Quali sono le particolarità dei territori?
«C’è un fascino molto differente da regione e regione. In Toscana si parte sempre dai feudi nobiliari perché la viticultura è nata così, mentre in Campania c’è più frammentazione perché è partita dall’ agricoltura, in Piemonte dai piccoli proprietari terrieri, oppure nelle Marche dalla mezzadria. Come Ses abbiamo organizzato il premio “Wine destination Italia” che viene dato alle aziende che si sono classificate nelle prime 100 al mondo, nel Best Word Vineyard. L’anno scorso nove aziende su cento erano italiane: significa che ci si sta organizzando bene anche qui».
Come funziona l’ospitalità legata al vino?

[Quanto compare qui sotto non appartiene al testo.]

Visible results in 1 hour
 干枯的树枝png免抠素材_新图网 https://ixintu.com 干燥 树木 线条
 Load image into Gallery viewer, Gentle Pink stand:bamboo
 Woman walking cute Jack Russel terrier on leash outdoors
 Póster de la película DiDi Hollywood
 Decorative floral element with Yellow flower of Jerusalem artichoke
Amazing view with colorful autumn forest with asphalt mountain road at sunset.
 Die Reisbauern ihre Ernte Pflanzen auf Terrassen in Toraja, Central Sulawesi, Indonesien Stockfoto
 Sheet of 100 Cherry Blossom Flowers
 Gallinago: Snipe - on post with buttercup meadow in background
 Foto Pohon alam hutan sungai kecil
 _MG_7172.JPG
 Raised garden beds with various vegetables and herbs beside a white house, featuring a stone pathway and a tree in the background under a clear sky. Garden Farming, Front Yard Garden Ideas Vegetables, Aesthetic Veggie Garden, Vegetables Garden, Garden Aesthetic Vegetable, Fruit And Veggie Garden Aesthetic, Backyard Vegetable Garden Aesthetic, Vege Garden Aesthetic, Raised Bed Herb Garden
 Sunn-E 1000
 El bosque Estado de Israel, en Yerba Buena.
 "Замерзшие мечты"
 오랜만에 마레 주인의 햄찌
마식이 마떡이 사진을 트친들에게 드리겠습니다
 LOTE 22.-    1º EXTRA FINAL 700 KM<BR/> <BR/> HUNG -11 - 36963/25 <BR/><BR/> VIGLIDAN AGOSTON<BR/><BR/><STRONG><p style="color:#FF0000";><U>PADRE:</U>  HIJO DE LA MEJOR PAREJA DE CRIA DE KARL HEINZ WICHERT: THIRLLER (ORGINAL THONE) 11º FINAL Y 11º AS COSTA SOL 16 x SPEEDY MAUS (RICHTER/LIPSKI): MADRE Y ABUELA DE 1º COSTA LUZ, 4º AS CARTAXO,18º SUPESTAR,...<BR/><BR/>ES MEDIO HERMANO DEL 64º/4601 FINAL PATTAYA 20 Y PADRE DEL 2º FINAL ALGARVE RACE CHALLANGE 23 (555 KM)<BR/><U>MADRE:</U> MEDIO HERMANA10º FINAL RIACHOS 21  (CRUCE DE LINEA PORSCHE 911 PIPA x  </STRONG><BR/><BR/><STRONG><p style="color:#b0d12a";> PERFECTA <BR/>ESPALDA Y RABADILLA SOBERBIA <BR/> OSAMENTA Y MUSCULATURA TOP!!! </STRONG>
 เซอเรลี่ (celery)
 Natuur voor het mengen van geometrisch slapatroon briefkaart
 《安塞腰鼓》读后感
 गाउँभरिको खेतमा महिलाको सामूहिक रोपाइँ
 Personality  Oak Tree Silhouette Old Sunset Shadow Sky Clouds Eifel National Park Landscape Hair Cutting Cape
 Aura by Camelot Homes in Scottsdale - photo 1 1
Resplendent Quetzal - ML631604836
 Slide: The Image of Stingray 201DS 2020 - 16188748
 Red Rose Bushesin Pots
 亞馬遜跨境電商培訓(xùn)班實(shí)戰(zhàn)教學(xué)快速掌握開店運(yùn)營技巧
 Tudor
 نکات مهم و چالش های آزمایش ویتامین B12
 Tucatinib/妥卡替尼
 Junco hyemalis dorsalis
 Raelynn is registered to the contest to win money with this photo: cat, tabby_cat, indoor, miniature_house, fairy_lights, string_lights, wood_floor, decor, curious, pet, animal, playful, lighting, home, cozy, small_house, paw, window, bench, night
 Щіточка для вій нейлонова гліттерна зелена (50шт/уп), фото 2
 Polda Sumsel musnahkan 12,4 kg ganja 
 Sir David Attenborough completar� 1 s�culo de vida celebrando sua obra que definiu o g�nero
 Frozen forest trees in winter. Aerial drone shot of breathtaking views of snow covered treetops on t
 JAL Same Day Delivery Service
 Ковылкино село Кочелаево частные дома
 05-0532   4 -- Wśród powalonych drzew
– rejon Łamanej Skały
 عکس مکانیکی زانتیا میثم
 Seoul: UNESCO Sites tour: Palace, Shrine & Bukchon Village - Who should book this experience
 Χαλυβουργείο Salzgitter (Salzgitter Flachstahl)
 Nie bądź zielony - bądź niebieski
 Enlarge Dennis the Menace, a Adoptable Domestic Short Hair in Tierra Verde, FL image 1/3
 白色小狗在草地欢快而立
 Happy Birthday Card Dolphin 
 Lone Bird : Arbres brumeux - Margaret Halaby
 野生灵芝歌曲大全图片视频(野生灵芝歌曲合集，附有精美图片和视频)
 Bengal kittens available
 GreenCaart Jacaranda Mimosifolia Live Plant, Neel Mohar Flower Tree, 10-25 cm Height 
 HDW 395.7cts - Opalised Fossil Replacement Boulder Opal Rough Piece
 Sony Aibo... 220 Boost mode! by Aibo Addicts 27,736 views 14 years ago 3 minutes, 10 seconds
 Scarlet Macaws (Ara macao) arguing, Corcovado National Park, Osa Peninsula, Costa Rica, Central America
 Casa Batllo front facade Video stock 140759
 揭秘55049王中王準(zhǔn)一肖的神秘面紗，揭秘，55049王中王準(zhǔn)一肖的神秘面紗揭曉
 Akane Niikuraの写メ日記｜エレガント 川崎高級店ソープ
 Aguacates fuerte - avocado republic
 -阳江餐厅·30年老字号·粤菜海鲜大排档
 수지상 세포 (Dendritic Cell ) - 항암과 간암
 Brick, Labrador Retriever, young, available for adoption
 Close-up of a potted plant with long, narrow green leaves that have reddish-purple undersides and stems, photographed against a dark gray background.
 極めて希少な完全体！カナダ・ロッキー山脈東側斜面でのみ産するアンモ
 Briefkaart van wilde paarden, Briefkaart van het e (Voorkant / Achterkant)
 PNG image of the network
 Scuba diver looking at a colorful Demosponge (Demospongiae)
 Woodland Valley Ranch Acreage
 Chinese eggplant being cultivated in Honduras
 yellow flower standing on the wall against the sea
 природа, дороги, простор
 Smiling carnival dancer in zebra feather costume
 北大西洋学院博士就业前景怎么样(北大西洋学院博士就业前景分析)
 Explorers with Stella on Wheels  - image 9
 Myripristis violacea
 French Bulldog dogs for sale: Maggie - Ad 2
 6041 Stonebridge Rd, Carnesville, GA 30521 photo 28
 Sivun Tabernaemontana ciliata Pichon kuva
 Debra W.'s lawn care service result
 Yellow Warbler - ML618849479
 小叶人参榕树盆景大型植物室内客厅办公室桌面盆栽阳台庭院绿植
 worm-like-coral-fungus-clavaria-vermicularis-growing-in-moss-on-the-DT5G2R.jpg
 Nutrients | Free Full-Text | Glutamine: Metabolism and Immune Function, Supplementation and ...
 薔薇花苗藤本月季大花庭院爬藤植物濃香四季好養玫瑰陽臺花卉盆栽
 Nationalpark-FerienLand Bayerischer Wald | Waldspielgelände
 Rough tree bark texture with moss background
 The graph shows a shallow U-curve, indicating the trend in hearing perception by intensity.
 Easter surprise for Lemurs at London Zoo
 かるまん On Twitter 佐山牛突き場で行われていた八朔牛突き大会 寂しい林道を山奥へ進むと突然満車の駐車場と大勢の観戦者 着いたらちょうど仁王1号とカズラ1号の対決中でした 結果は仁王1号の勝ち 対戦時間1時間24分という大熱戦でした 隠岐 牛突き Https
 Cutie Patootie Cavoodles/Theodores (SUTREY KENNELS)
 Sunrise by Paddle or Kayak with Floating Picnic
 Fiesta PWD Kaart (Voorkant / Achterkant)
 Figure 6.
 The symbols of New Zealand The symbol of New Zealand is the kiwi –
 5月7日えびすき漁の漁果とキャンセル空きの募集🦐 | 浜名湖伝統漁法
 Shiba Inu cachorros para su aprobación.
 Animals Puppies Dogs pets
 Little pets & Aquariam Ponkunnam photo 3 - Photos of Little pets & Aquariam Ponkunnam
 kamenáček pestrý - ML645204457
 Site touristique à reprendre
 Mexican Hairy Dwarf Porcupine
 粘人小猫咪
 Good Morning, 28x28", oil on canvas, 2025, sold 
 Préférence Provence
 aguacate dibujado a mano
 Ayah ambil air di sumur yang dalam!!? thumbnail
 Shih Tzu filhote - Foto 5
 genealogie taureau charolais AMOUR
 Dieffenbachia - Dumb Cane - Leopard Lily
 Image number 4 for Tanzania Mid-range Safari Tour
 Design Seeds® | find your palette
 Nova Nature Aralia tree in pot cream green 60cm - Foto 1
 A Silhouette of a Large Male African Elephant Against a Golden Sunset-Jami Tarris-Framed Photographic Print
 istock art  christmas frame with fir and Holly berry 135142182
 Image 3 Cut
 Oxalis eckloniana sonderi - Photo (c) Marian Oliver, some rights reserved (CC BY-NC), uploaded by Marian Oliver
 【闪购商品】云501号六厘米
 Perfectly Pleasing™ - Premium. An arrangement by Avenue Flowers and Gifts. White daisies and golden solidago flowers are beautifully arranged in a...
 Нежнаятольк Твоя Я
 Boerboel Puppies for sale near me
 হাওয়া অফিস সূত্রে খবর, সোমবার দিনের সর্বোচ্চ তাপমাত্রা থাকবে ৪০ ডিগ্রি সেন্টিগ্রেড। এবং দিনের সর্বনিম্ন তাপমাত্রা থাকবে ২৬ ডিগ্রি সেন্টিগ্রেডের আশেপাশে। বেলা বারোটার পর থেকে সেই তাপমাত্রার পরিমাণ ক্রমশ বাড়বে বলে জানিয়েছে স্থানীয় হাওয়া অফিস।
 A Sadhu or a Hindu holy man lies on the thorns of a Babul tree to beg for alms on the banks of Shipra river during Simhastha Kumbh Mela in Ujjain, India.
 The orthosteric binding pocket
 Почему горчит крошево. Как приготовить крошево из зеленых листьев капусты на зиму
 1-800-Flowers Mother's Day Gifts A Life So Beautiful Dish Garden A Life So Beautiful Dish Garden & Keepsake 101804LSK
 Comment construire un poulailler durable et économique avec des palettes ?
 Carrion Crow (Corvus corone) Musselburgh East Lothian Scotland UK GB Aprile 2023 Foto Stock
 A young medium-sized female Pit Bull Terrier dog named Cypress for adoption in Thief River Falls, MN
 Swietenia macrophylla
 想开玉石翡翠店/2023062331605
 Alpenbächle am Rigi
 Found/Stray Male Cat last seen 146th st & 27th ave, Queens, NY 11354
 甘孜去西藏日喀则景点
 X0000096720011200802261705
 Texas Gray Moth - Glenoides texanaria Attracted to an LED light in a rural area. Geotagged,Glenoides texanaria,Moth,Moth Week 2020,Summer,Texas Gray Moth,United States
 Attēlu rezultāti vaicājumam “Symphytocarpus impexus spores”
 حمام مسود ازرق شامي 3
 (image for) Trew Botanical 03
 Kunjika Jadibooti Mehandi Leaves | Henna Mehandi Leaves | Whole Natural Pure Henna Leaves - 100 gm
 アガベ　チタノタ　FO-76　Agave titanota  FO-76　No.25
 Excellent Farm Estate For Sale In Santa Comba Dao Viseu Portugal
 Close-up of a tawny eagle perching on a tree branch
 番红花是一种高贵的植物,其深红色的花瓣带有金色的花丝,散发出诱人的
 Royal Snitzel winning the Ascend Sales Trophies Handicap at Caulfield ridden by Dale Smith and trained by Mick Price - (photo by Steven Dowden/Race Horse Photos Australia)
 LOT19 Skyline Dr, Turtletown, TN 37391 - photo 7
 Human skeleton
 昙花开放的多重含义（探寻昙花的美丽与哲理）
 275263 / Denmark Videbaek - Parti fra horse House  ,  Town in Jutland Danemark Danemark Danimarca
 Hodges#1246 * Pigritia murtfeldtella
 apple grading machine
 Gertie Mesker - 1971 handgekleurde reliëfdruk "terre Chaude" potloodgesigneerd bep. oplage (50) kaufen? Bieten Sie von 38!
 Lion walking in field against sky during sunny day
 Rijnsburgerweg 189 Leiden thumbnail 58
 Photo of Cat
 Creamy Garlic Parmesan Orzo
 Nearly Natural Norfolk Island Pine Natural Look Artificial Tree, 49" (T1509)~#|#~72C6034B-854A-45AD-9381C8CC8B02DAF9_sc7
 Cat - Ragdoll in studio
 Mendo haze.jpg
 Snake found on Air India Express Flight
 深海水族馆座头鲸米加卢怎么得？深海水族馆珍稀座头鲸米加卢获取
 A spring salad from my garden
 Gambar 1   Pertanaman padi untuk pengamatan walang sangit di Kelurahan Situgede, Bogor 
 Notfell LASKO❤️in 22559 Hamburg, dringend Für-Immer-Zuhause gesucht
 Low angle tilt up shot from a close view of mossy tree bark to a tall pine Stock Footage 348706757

«È diversa da regione a regione. Nelle Langhe si trovano i casali legati all’origine contadina, in Campania strutture familiari, in Sicilia resort di lusso sul mare. Là una delle zone più significative da raccontare è quella di Marsala che ha una storia secolare nella produzione dei vini. Il Marsala infatti nacque dal trasporto di botti in Inghilterra con le navi: al vino veniva aggiunto dell’alcol per conservarlo e far sì che non diventasse aceto. Il risultato è oggi un tipo di vino tra i più conosciuti al mondo».
Altre curiosità sparse per la penisola?
«In Valle d’Aosta c’è il Prié blanc considerato il vitigno più alto d’Europa. La “viticultura eroica” che strappa terrazzamenti alle montagne per coltivare la vite è sempre molto interessante da scoprire, come anche in Abruzzo stanno facendo l’esperimento di mettere ad affinare le bottiglie sotto la neve e sull’isola del Giglio c’è un viticultore che mette le uve nell’acqua di mare».